Он был вежлив, но холоден, не давая ей ни малейшего повода к сближению. Для него эта история уже была закончена.
– Я рад за тебя. Ты увидишь небоскребы и Миссисипи. Говорят, в Америке много интересного.
– Я уезжаю, – повторила она громче, в голосе сквозили рыдания.
Она смотрела на него с мольбой. Синева ее глаз была полна отчаяния. Он будто не замечал этого.

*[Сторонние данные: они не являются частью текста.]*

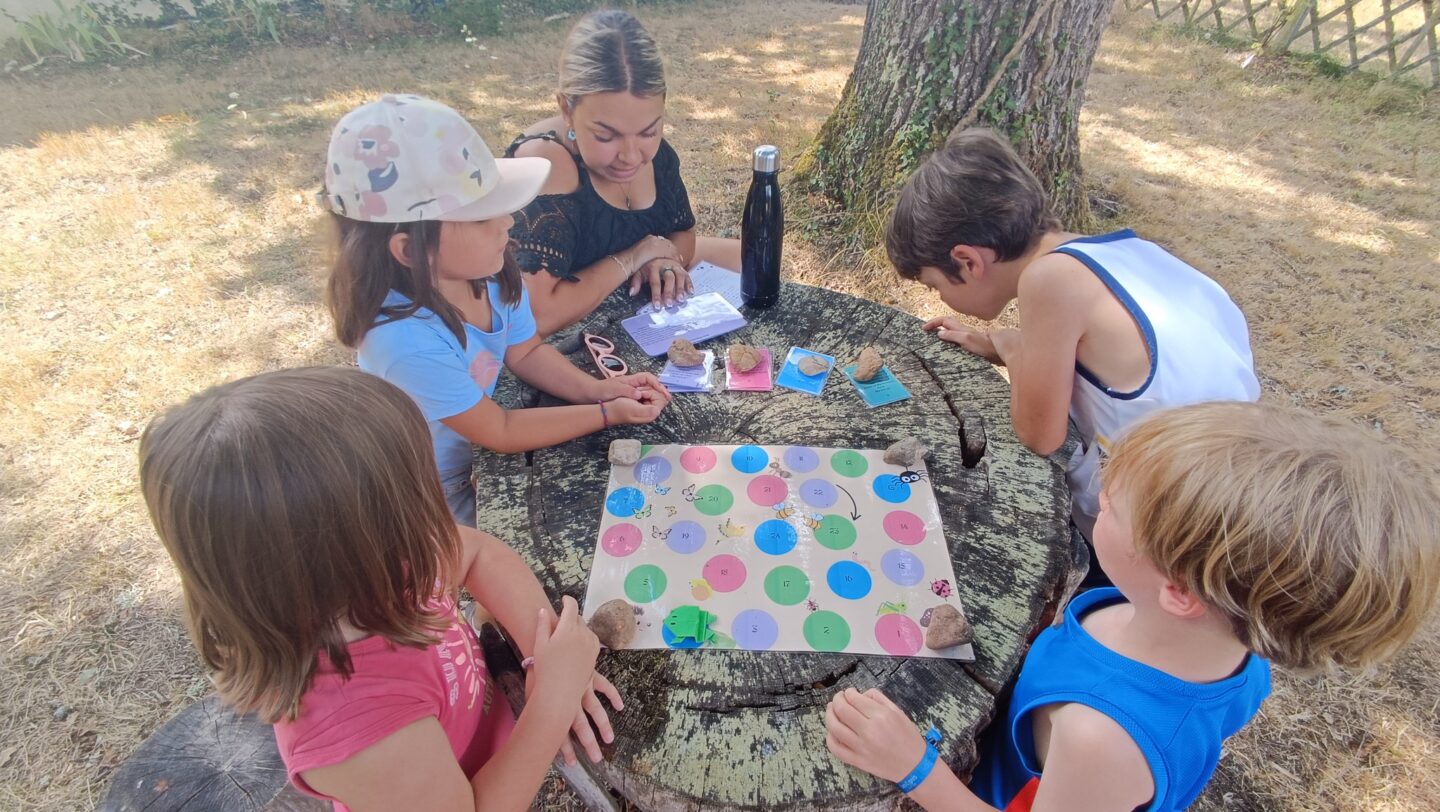 Atelier jeune public Ferme du Parcot Échourgnac
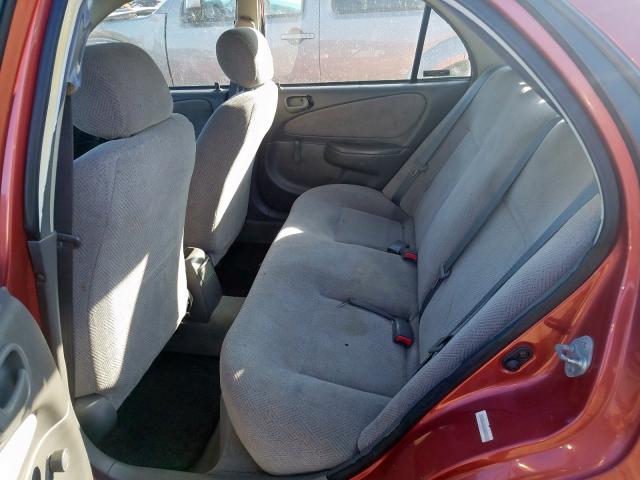 1Y1SK5286XZ428031 - 1999 CHEVROLET GEO PRIZM BASE  photo 6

– Счастливого пути, – ответил он холодно и встал, потушив сигарету в пепельнице. Надел фуражку. Оставались секунды до полного и окончательного расставания. Уже не владея собой, она вскочила. Слезы потекли по щекам, и ему в лицо она прошептала сдавленным голосом:
– Я ненавижу тебя. Ненавижу. Будь ты проклят. Ты не будешь счастлив. Никогда.
Его холодные глаза удивленно блеснули из-под черного козырька фуражки. Он молча повернулся и вышел из комнаты, не произнеся ни слова. Так же, как когда-то вошел в ее жизнь.
«Когда он вошел, в высокой черной фуражке, я поняла, что это опасный мужчина…»
Голос Марлен на старой, заигранной пластинке затих, раздавалось лишь шипение иглы по крутящейся поверхности диска.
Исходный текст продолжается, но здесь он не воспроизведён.